String s[] = new String[layouts];

s[0] = "AAAACCAAAASSAAB";

s[1] = "CCCCCCSSAAAAAAB";

s[2] = "CAAAAACASSAAAAB";

s[3] = "CAAAAASCASAAAAB";

s[4] = "CAAAAASSCAAAAAB";

s[5] = "AAACAACAAASSAAB";

s[6] = "ACAAAASACSAAAAB";

s[7] = "ACAAAASSACAAAAB";

s[8] = "AACAAASSAACAAAB";

// (row, col) is the row and column position of the next layout to draw

// starting from the top left of the canvas. Since we know there are

// 9 the loop below lays them out 3x3. h is the height of space

// reserved for a layout.

int row = 0;

int col = 0;

int h = 250;

int w = h + 50;

for ( int j = 0; j < layouts; j++ ) {

// Start 200 pixels from the top left corner and with an initial

// angle of 0

a = 0;

x = 200 + w * col;

y = 200 + h * row;

col++;

if ( col == 3 ) {

col = 0;

row++;

}

for ( int i = 0; i < s[j].length(); i++ ) {

switch(s[j].charAt(i)) {

case 'B':

bridge();

break;

case 'C':

clockwise();

break;

case 'A':

anticlockwise();

break;

case 'S':

straight();

break;

}

}

}

}

// Function to draw a piece and update (x, y) and a

void draw_piece( float l, // Length of piece to be drawn

float ang ) // The angular change due to the piece

{

// If the ang is zero then this is a straight piece so use line(), if

// non-zero then it's a curve and so use arc()

if ( ang == 0 ) {

// (dx, dy) is the end of the piece truncated (the 0.8 multiplier)

// to leave a little gap between pieces.

float dx = x + l * 0.8 * cos(a + ang);

float dy = y + l * 0.8 * sin(a + ang);

line( x, y, dx, dy );

} else {

int h = (ang<0)?-1:1;

// (ox, oy) is the location of the centre of the circle on which the

// arc we are drawing lies. s and e are the starting and ending angles

// of arc to draw. Note that s must be less than e. Note the 1.5 here

// is used to shorten the arc to leave a small gap between pieces.

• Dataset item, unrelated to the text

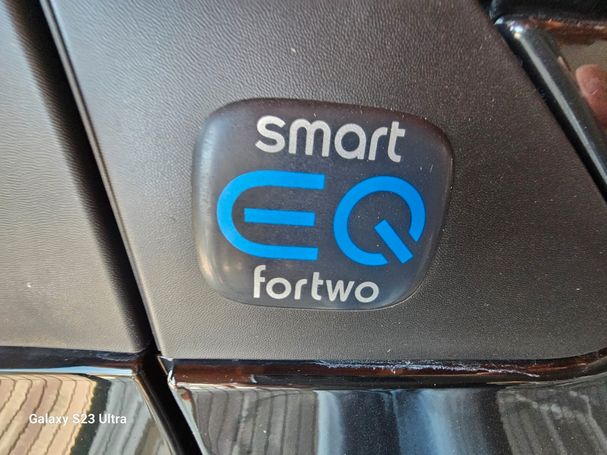 Smart ForTwo coupe EQ 60 kW image number 19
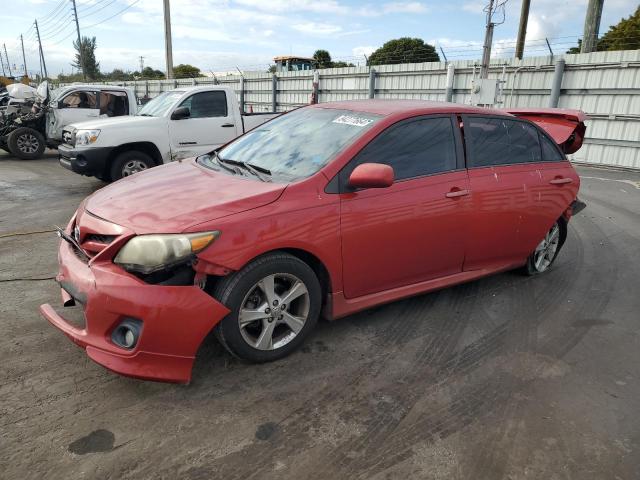 TOYOTA COROLLA BA 2013 2t1bu4ee5dc119473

float ox = x - h * len * cos(PI/2-a);

float oy = y + h * len * sin(PI/2-a);

float s = a;

float e = a + ang * 1.5;

if ( s > e ) {

float t = e;

e = s;

s = t;

}

// The PI/2 adjustment here is needed because the angles in s and e are

// derived from a which is to the horizontal and the arc() function needs

// angles to the vertical

ellipseMode(CENTER);

arc( ox, oy, len*2, len*2, s - h * PI/2, e - h * PI/2 );

}

// Update (x,y) and a to be at the end of the new piece that's been

// added and with the correct orientation.

x += l * cos(a + ang);

y += l * sin(a + ang);

a += 2 * ang;

}

// Four functions to draw the four pieces giving them different colours.

void bridge()

{

stroke(255,0,0);

draw_piece(2*len,0);

}

void straight()

{

stroke(0,255,0);

draw_piece(len,0);

}

void clockwise()

{

stroke(255,0,255);

draw_piece(curve_length,curve_angle);

}

void anticlockwise()

{

stroke(0,0,255);

draw_piece(curve_length,-curve_angle);

}

## Comments

I was interested in the designs for two sets. I have it running with the second bridge as two straight sections. It's got about 1250 layouts generated so far. Some of them are not buildable due to stacked tracks. I'm thinking on how to check for this condition.